◆ Assigned task:
Transcribe word for word each line from the one containing "Beacon - 4 Light" to the final line of the data, both included. Skip the pictures.
START Task inputs
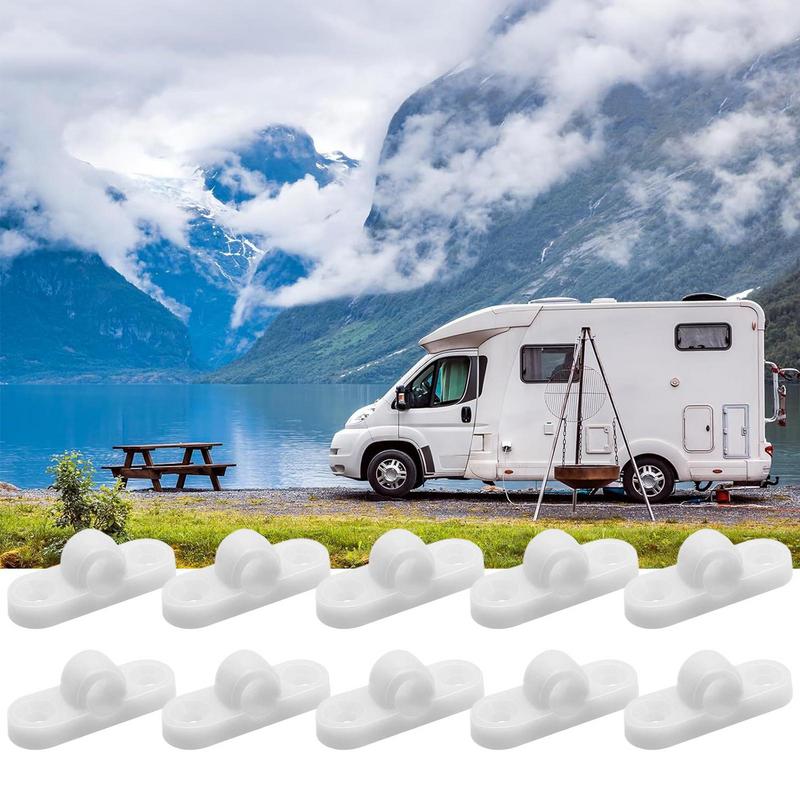 10 Stück horizontale/vertikale Markisen-Montagestangenhalterungen, tragbar, leicht, für Wohnmobile, Markisen, Stützzubehör für Wohnwagen, Markisen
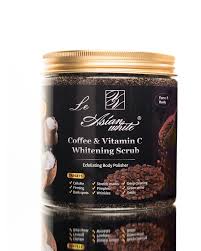 [450g] Le Asian White Coffee & Vitamin C Whitening Scrub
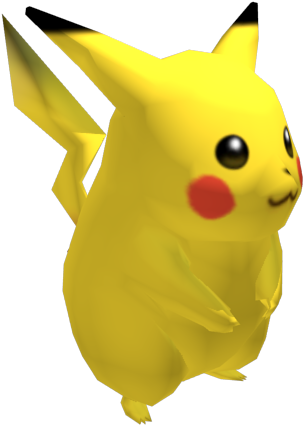 Download Zip Archive - Pokemon Stadium Pikachu Transparent (750x650), Png Download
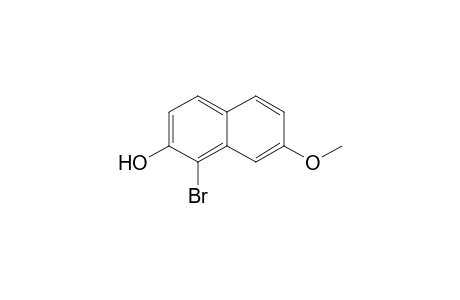 1-Bromo-7-methoxy-2-naphthol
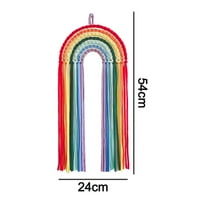 MacRame Rainbow Walling, Woven Rainbow Zidni dekor sa resilicama Rainbow MacRame zidni viseći za dječju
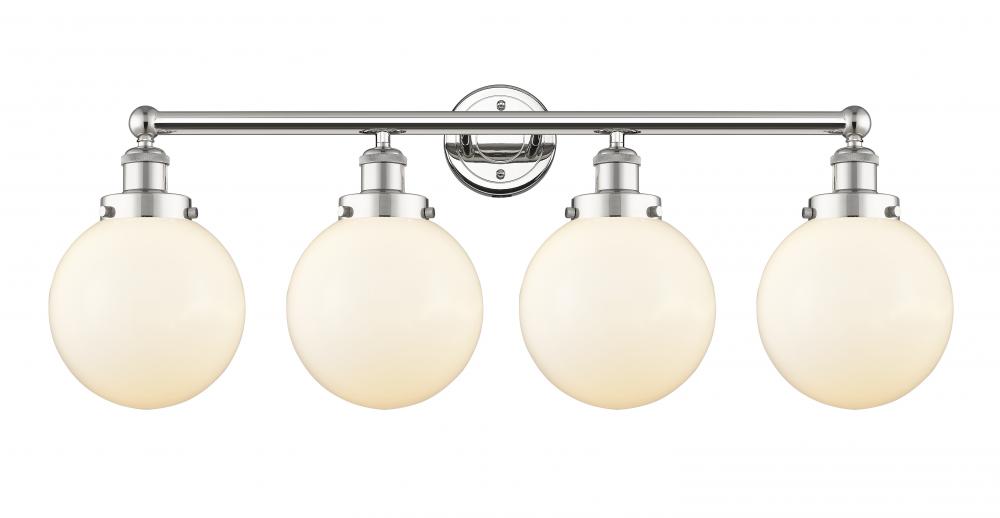 Beacon - 4 Light - 35 inch - Polished Nickel - Bath Vanity Light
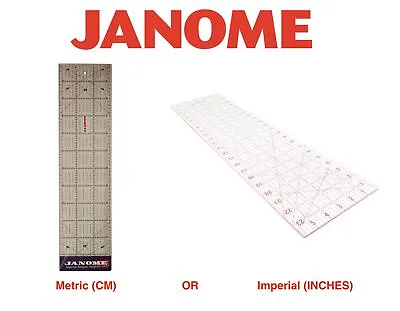 Janome Transparent Quilting Ruler Craft Patchwork Rectangle Template CM / INCHES • £13.90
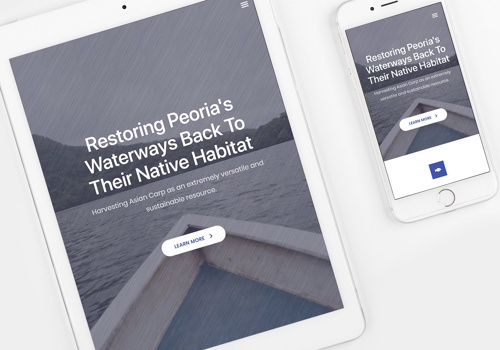 Web Design Package Example: Midwest Fish Co-Op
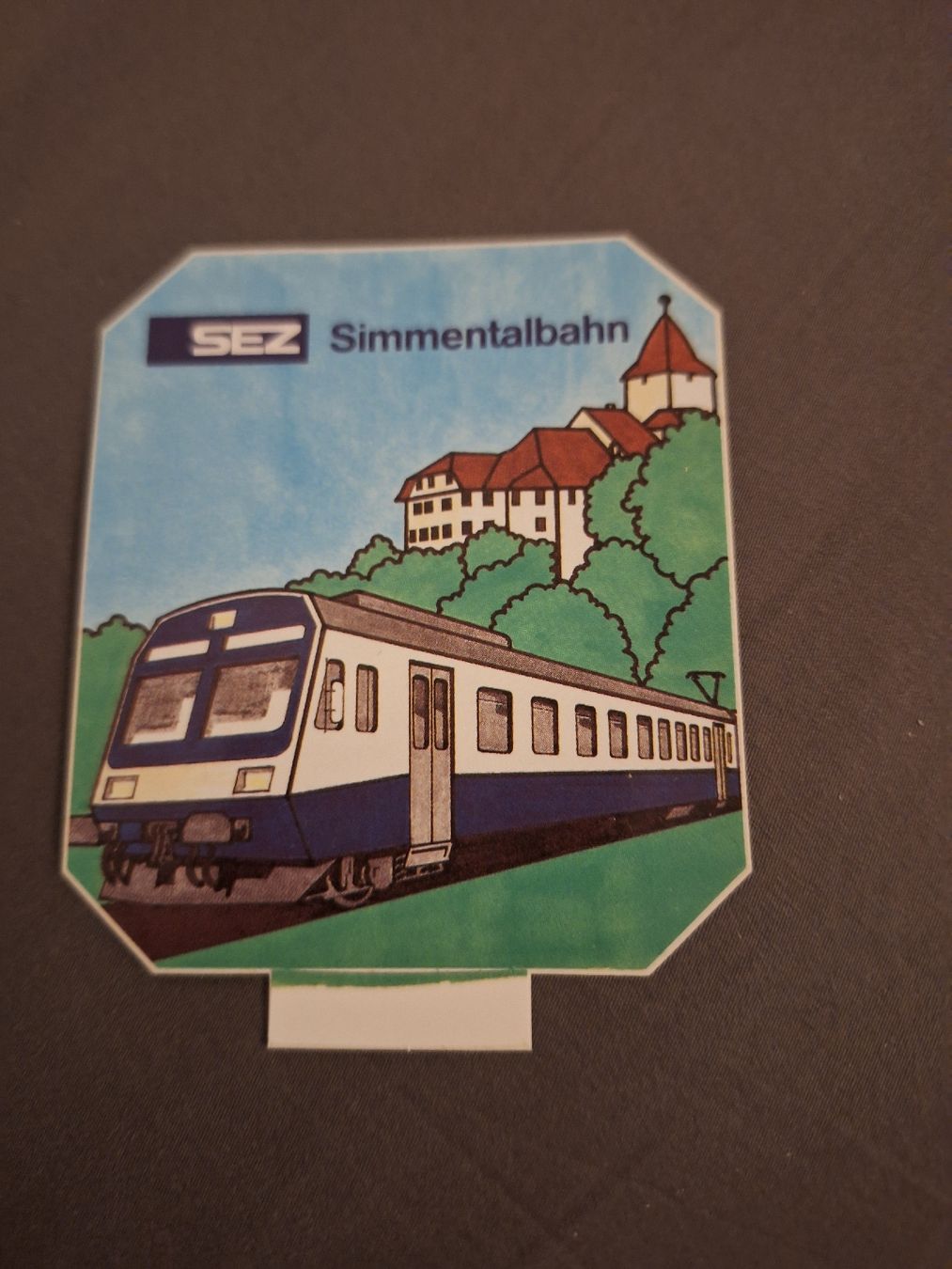 Aufkleber: Kleber Simmentalbahn SEZ Zug  – Gebraucht aus Schaffhausen von RicardoSchaffhausen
END Task inputs
◆ Exercise solution:
 Beacon - 4 Light - 35 inch - Polished Nickel - Bath Vanity Light
 Janome Transparent Quilting Ruler Craft Patchwork Rectangle Template CM / INCHES • £13.90
 Web Design Package Example: Midwest Fish Co-Op
 Aufkleber: Kleber Simmentalbahn SEZ Zug  – Gebraucht aus Schaffhausen von RicardoSchaffhausen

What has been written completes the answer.